A total of 915 participants with IS were enrolled, with an average age of 64.65 ± 14.06 years. Of these participants, 576 (63.0%) were men. Additionally, 294 (32.1%) patients developed SAP. The baseline characteristics of individuals with SAP and those without SAP are compared in Table 1. Participants who had SAP were older, had a higher prevalence of atrial fibrillation and coronary heart disease, and had a lower prevalence of complex hyperlipidemia. They also had higher dysphagia event, lower weight, BMI, hemoglobin, platelet count, lymphocyte count, albumin, and triglycerides, and higher admission temperature, systemic inflammation index (SII), WBC count, neutrophil count, D-dimer, fibrinogen, blood glucose, and blood urea nitrogen.
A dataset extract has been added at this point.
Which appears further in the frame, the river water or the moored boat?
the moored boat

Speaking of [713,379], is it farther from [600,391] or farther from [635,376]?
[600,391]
Table 1 Relationships between baseline clinical characteristics and stroke-associated pneumonia (SAP) in patients with ischemic stroke

Prevalence of malnutrition

According to the PNI, CONUT, and GNRI scores, 193 (21.1%), 495 (54.1%), and 148 (16.1%) malnourished patients were screened, respectively. Of these patients, 140 (15.3%), 449 (49.1%), and 57 (6.2%) patients, respectively, were classified into mild malnutrition; moreover, 53 (5.7%), 46 (5.0%), and 91 (10.0%) patients, respectively, classified into moderate or severe malnutrition.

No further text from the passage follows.